Vous avez posé une question sur l'évolution de la dette à court terme dans le cadre de la loi de finances pour 2019, en augmentation de 15 milliards d'euros, en vous interrogeant sur son explication et sur les risques qu'elle pouvait générer. Je pense que le risque de refinancement lié à cette augmentation très modérée de la dette à court terme est entièrement maîtrisé. La dette à court terme a représenté en 2010 près de 18,9 % de la dette totale de l'État. Ce montant a été progressivement réduit ces dernières années, puisqu'elle ne représente plus que 6,7 % de la dette négociable de l'État à la fin 2018.
Nous avons considérablement réduit le stock de titres d'État à court terme, les fameux Bons du Trésor français (BTF). L'encours, qui était de 200 milliards d'euros, a été ramené à 126 milliards d'euros à la fin 2017 et à 112 milliards d'euros à la fin 2018.

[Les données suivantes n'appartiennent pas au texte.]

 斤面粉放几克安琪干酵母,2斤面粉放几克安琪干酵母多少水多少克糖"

On se retrouve dans une situation où il nous faut conforter ce segment dans sa liquidité. La décision d'augmenter de 15 milliards d'euros la taille des encours de BTF a été également prise à cette aune. Ce n'est pas la seule explication. La deuxième explication est liée à la nature du besoin de financement pour 2019, qui est revu à la hausse, avec près de 26 milliards d'euros d'augmentation du déficit budgétaire lié à des éléments non récurrents, comme le choc de la transformation du CICE en allégements de charges pour les entreprises, qui nous conduit à devoir encourir un double coup de cette bascule du CICE en allégements généraux, ou l'effet sur le déficit public du prélèvement à la source, qui se traduit par une moindre recette fiscale pour l'État de 6 milliards d'euros.

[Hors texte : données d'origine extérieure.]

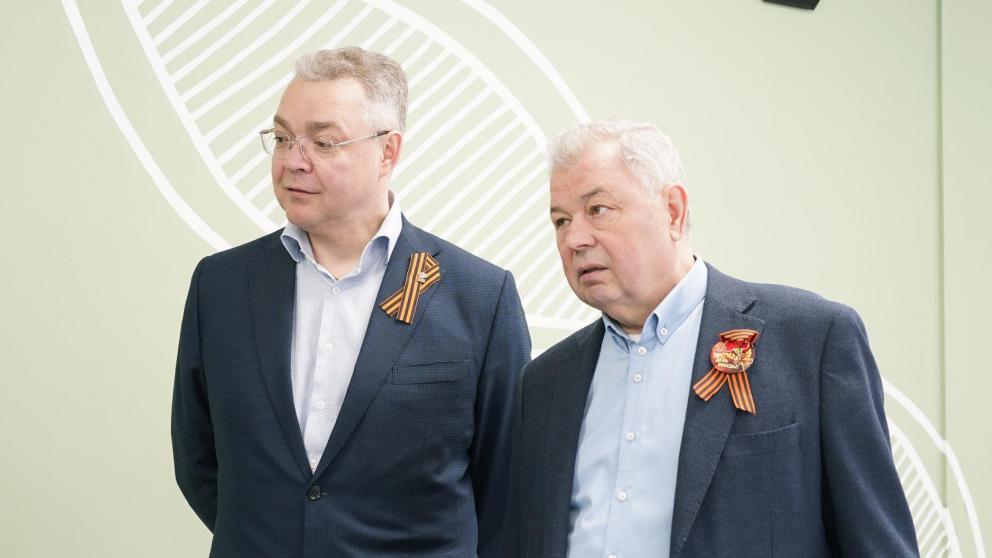 Анатолий Артамонов проверил ход строительства культурного центра в Кисловодске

Cet impact aurait certes pu se traduire par une augmentation du programme de financement à long terme de l'État de 26 milliards d'euros, mais cela aurait constitué un message un peu alarmiste pour le marché à propos de l'évolution des besoins de financement de l'État, alors que nous sommes en situation de consolidation budgétaire. Il nous a semblé préférable, pour cette raison, de faire financer ces éléments non récurrents par une augmentation de la dette à court terme.
La dernière question portait sur le risque de taux et le risque de refinancement. Ce risque est effectivement bien appréhendé dans notre approche budgétaire, non seulement pour 2019, mais aussi pour les années ultérieures. Nous prenons, dans le cadre de la préparation des programmes de stabilité, une hypothèse d'augmentation des taux à long terme de 75 points de base par an pour les faire converger vers 4 %.
Pour 2019, je rappelle que notre hypothèse était basée sur des taux à dix ans de 1,40 % à la fin de 2018 et de 2,15 % à la fin de 2019. Les dernières données montrent que notre taux d'endettement à dix ans est aux alentours de 0,55 %. Nous sommes effectivement prudents, et je pense que le risque de taux est parfaitement intégré dans toutes nos esquisses budgétaires, à court terme ou à moyen-long terme.